# [To do]
The output must contain exactly the lines from the top of the listing below through the line containing "1 марка 1969", and no pictures.

################

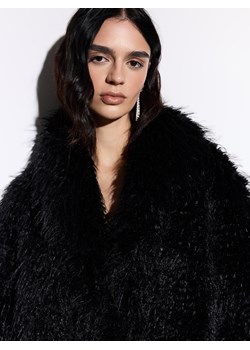 Mohito - Sztuczne czarne futerko - czarny ze sklepu Mohito w kategorii Futra damskie - zdjęcie 187218874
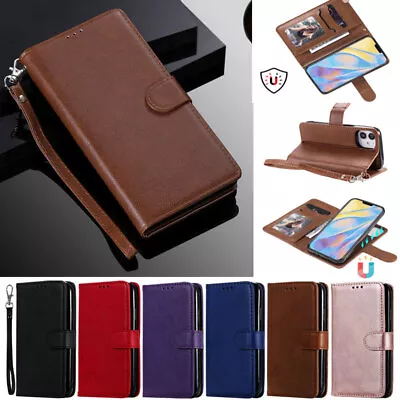 Detachable Wallet Leather Flip Case Cover For IPhone 15 14 13 12 11 Pro Max XR 8 • $21.49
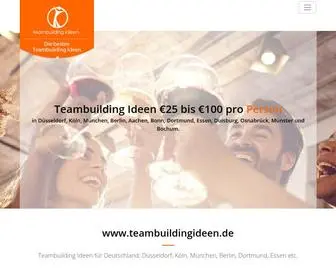 Teambuildingideen.de(Teambuilding ideen) Screenshot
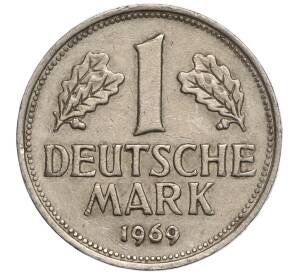 1 марка 1969 года D Западная Германия (ФРГ) — Фото №1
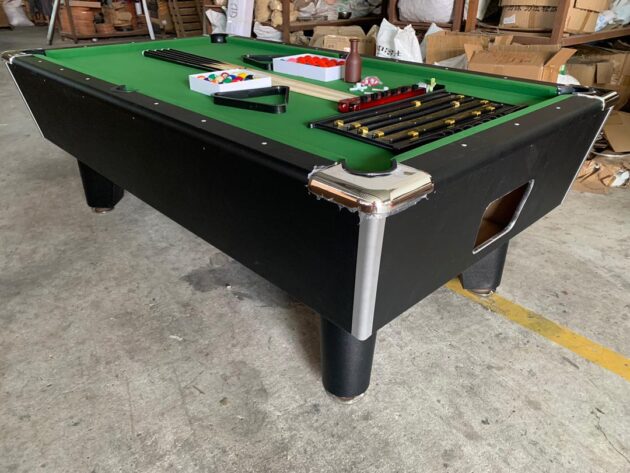 DQ-P033 8FT EXECUTIVE BILLIARD TABLE (with coins ops & double accessories) - Image 4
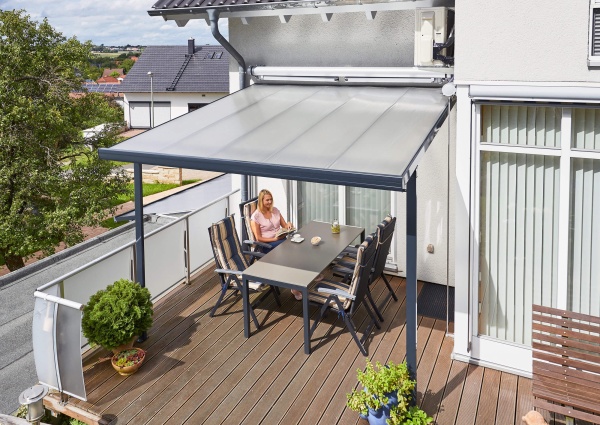 Kit toit terrasse aluminium Gutta 3x3 anthracite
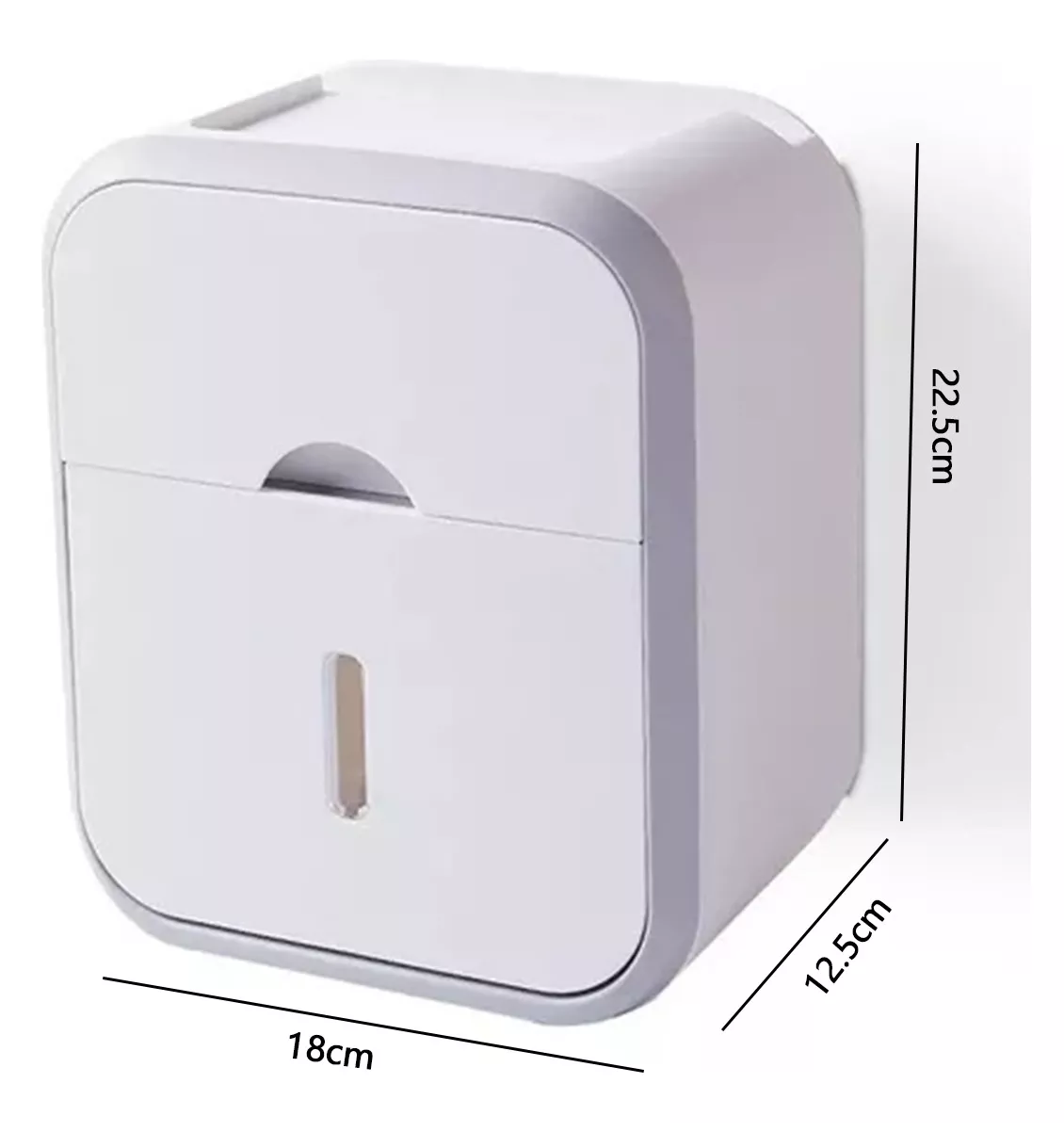 Foto 3 pulgar | Dispensador de Papel Higienico con Soporte Cajon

################

# [Solution to this task]
 Mohito - Sztuczne czarne futerko - czarny ze sklepu Mohito w kategorii Futra damskie - zdjęcie 187218874
 Detachable Wallet Leather Flip Case Cover For IPhone 15 14 13 12 11 Pro Max XR 8 • $21.49
 Teambuildingideen.de(Teambuilding ideen) Screenshot
 1 марка 1969 года D Западная Германия (ФРГ) — Фото №1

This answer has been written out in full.